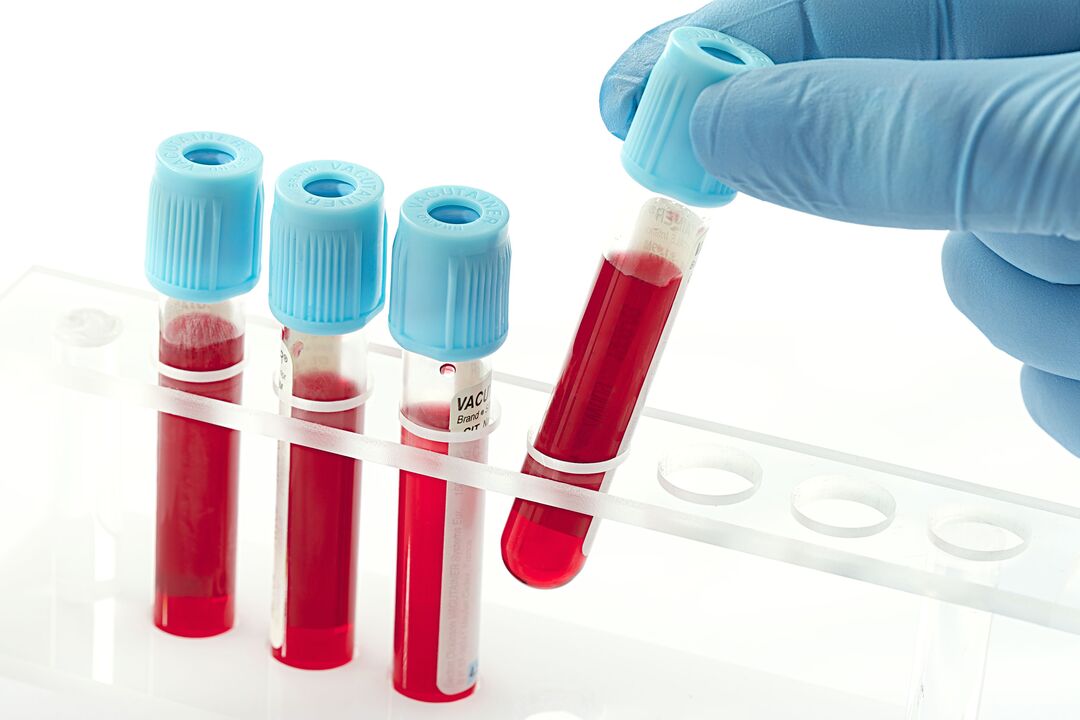 Blood tests to diagnose human papillomavirus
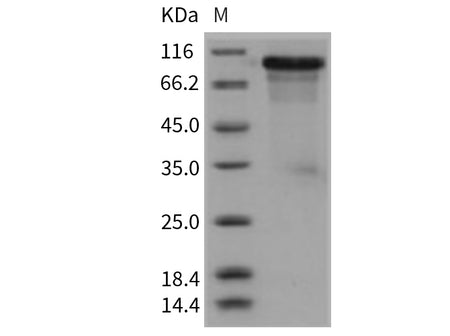 Recombinant Mouse ECM1 Protein (His Tag)(Active)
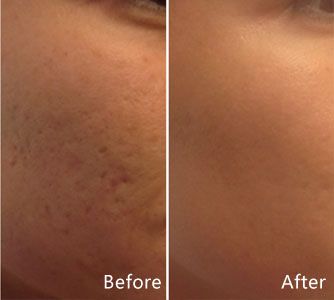 Profractional Laser, Acne Pictures, Fraxel Laser, Facial Before And After, Laser Acne Scar Removal, Skin Tightening Procedures, Different Types Of Acne, Laser Skin Tightening, Acne Treatments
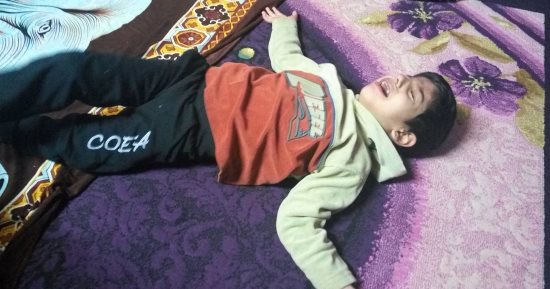 صور.. "آدم" أصيب بفقد البصر والحركة ويحتاج زراعة خلايا جذعية خارج مصر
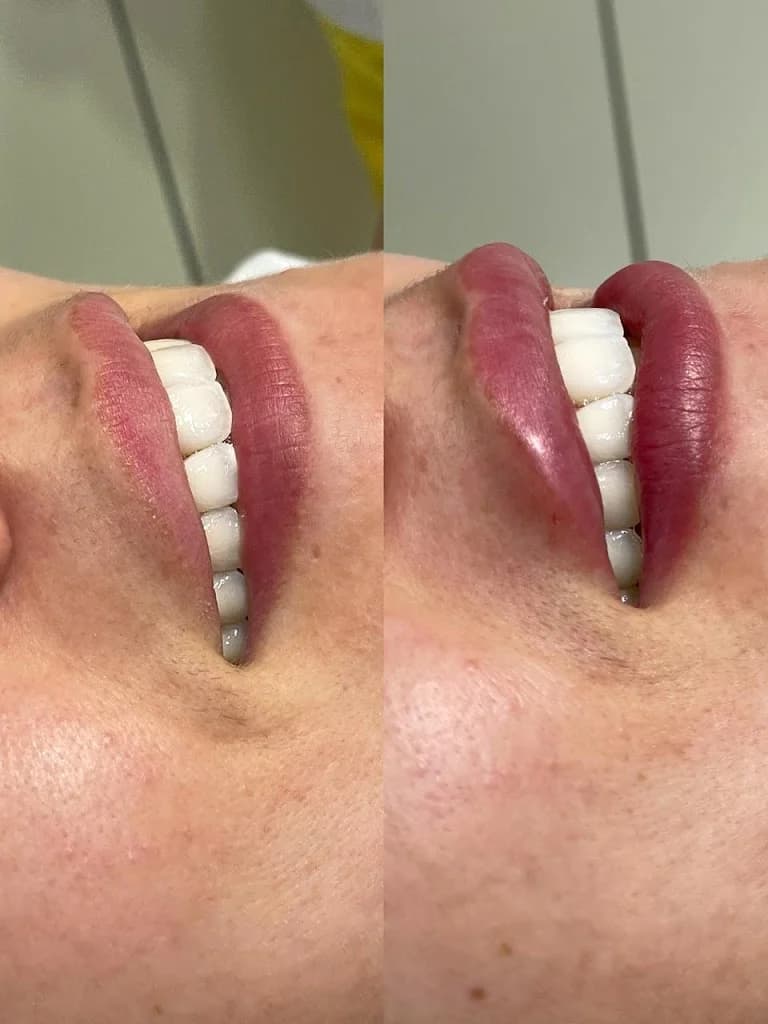 Eleve Estética Avançada | Botox, Harmonização e Laser – foto 2
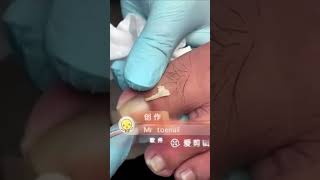 Ingrown toenail removal with Pedicure Knife Cut it easily Ep474 [upl. by Range]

***

> _YOUR OBJECTIVE_
Drop the pictures, then write out everything else in the records exactly.

> _EXERCISE OUTPUT_
 Blood tests to diagnose human papillomavirus
 Recombinant Mouse ECM1 Protein (His Tag)(Active)
 Profractional Laser, Acne Pictures, Fraxel Laser, Facial Before And After, Laser Acne Scar Removal, Skin Tightening Procedures, Different Types Of Acne, Laser Skin Tightening, Acne Treatments
 صور.. "آدم" أصيب بفقد البصر والحركة ويحتاج زراعة خلايا جذعية خارج مصر
 Eleve Estética Avançada | Botox, Harmonização e Laser – foto 2
 Ingrown toenail removal with Pedicure Knife Cut it easily Ep474 [upl. by Range]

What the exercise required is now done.